◆ **Data in this exercise**
=-=-=-=-=
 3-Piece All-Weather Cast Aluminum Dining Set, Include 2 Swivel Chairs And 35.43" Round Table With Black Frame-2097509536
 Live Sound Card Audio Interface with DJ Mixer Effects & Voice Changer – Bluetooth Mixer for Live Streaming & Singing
=-=-=-=-=
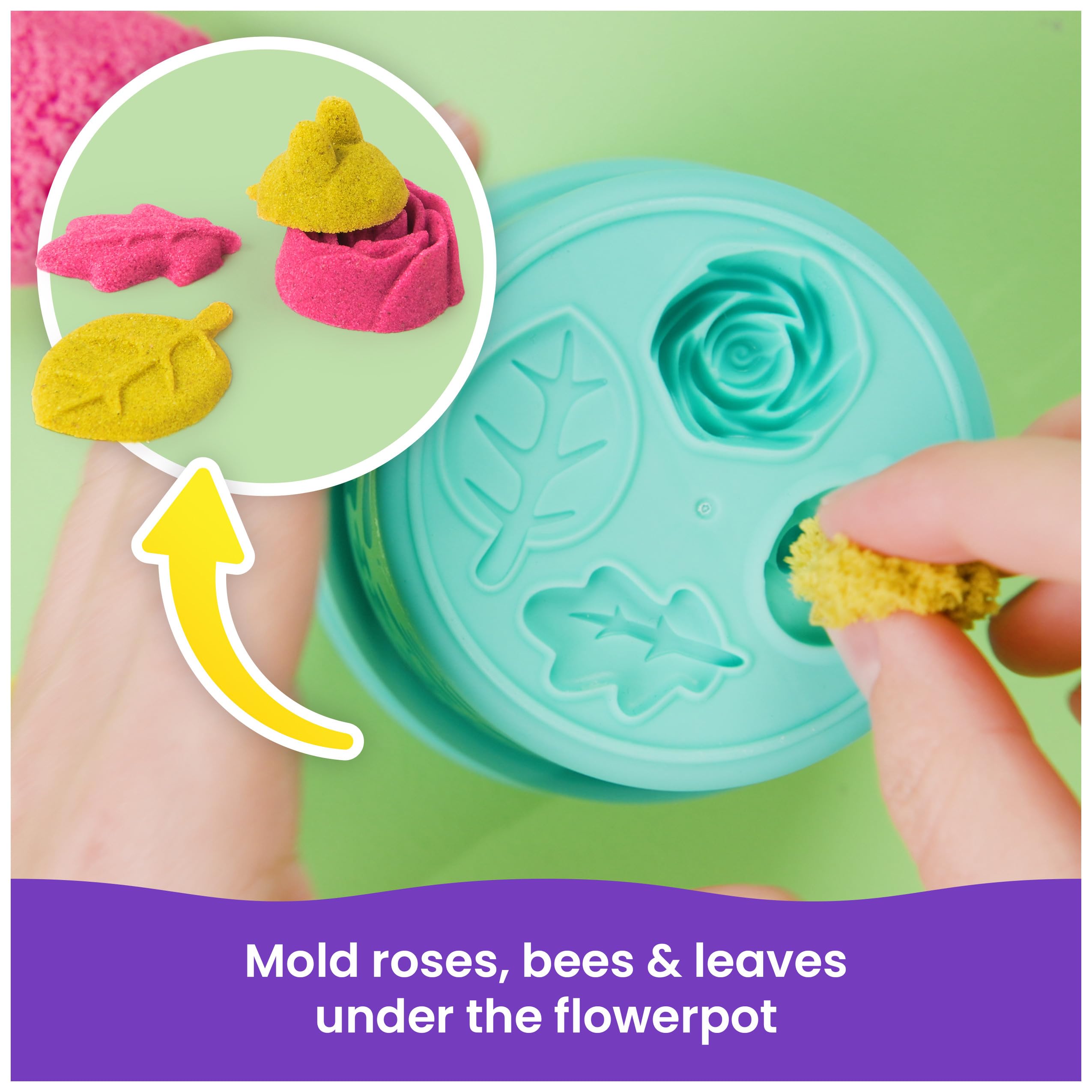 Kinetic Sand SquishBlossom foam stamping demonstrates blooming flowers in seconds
=-=-=-=-=
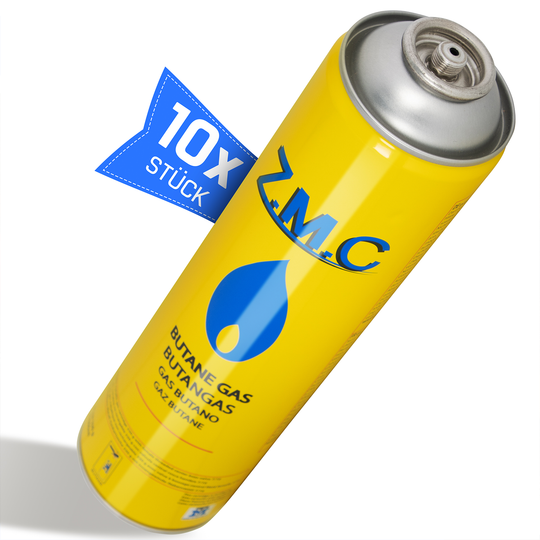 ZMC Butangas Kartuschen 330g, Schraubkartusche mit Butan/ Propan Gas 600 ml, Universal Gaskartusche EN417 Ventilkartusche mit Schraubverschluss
=-=-=-=-=
◆ **Work instructions**
All lines above from the line with "3-Piece All-Weather Cast" through the line with "Live Sound Card", both included, are to be set down exactly, with nothing else.

◆ **Your response**
 3-Piece All-Weather Cast Aluminum Dining Set, Include 2 Swivel Chairs And 35.43" Round Table With Black Frame-2097509536
 Live Sound Card Audio Interface with DJ Mixer Effects & Voice Changer – Bluetooth Mixer for Live Streaming & Singing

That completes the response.